I suddenly realised it was so insecure; people in the penthouse today could be in the dungeons tomorrow. We were all trapped together. We had to get out.
So I spoke to a number of my friends: "Look, this is a prison, we have got to leave." They all said, "Oh, yes, it's a prison, but it's okay, it's not bad." Or they said, "True, it's a prison, but it's so difficult to get out. It's better to accept the fact that we are here." Eventually I found two friends who agreed to try to escape with me, and the dream went on.
The question is, why do we regard our ordinary life here as a prison, and how do we get out? This is basically the question in Buddhism. But why is it a prison? "My life is okay, it's not a prison. I can more or less do what I want to do."
It is not dealing with the physicality; it is dealing with the mind. Our minds are imprisoned, not by external gates, but by ignorance. This is so universal, and it is why I am troubled for the future. Despite all our external learning, our research and science, we are still absolutely ignorant. Spiritually, we are as ignorant as we were when the Buddha walked this Earth.
What are we ignoran
Ignorance has nothing to do with education, nothing to do with external brilliance and genius of mind. What are we ignorant of? We are ignorant of our true being and what is really the nature of this world. Because we are clinging to all the wrong things governed by ignorance, we are enslaved.
Buddhism is always concerned with how to become free. It is always concerned with liberation, liberation of mind. The problem is that normally we live within a world of time, past, present, future, and in a subject/object dichotomy. There is the subject "me" and the object "everyone else" out there. We cling to this sense of "me" and "mine-ness".
Some people think "I" when they think of their gender, their race, their country, or their religion. They think, "This is who I am. I am my personality. I am my memories. I am the sum of all these things."
Some people are more subtle, and they say, "No, behind all that there is something else. There is an 'I' which is unchanging, which has always been there since I was born up to now." But when you look to find this "I" which separates "me" from all the "you" out there, where is it?

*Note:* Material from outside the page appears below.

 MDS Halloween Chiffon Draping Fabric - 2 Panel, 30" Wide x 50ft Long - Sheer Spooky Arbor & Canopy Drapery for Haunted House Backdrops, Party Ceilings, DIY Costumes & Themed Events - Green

Buddhism is not just to make us calm and quiet, and feeling happy. It is to peel off the layers of our onions of individuality. If you peel off the various layers, the first layer race, then the layer gender, then nationality, then education, then one's level in society, one's profession, where is this "I"? Eventually you get to something else which is totally beyond "I". This intrinsic awareness, this primordial awareness, which is at the very basis of our being, has nothing to do with "me" and "you".